Exercise goal: When you reach the line containing "Phòng trưng bày" in the entries below, start writing out each line exactly, and stop after the line containing "厨师最佳红色的木板上胡椒片沙拉烹饪素食菜单健康品图片".

Data extracts:
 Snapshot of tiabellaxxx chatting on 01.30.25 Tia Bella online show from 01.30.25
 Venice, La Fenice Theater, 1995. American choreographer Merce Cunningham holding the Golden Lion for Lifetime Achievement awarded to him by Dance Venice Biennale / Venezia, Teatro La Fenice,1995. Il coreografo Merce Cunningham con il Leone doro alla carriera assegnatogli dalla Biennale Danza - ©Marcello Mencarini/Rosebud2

...

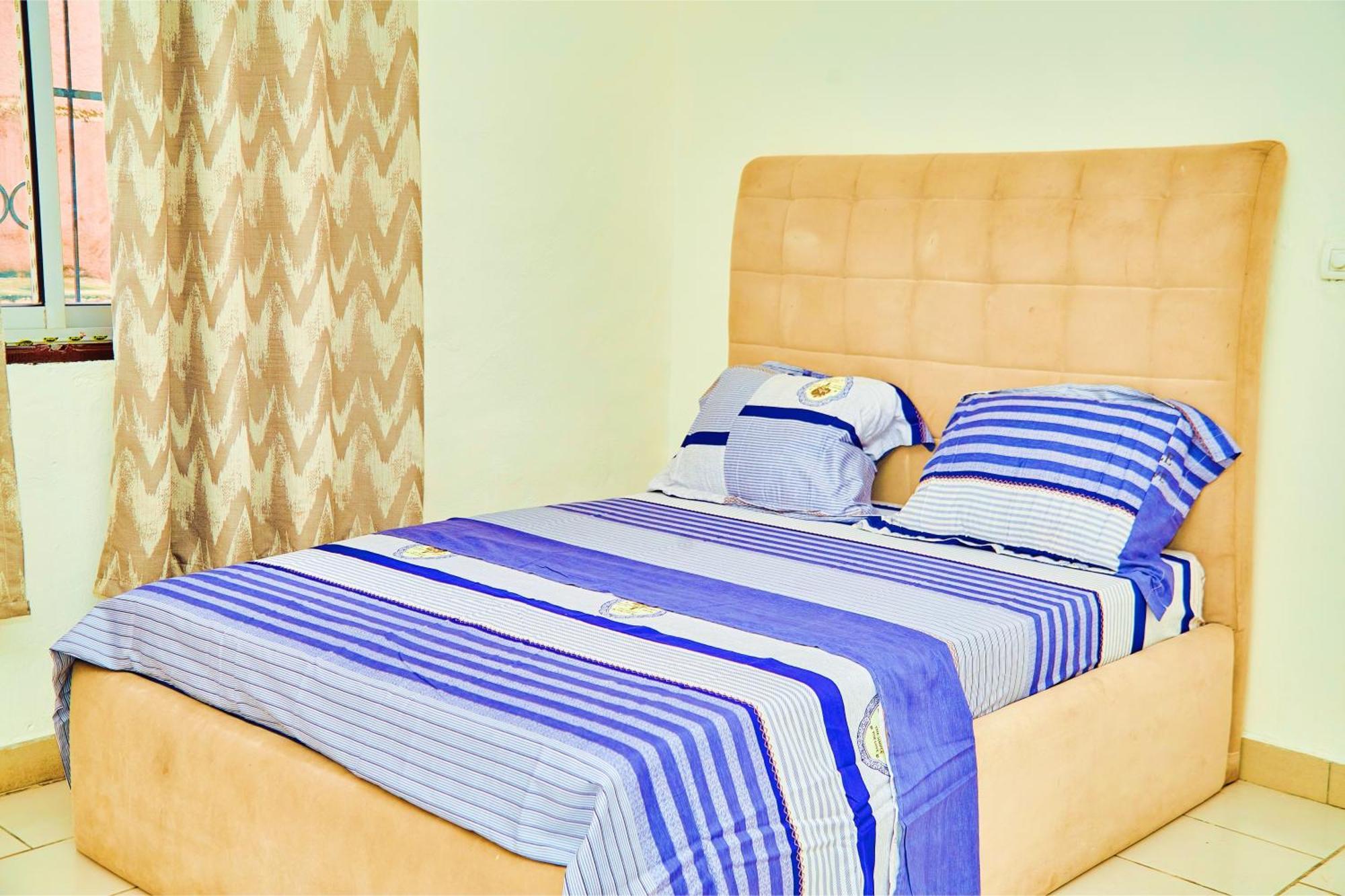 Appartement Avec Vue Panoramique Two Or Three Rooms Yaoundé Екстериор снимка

...

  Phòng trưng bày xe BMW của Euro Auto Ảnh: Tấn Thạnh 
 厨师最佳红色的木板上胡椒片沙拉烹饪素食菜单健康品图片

Result of this task:
  Phòng trưng bày xe BMW của Euro Auto Ảnh: Tấn Thạnh 
 厨师最佳红色的木板上胡椒片沙拉烹饪素食菜单健康品图片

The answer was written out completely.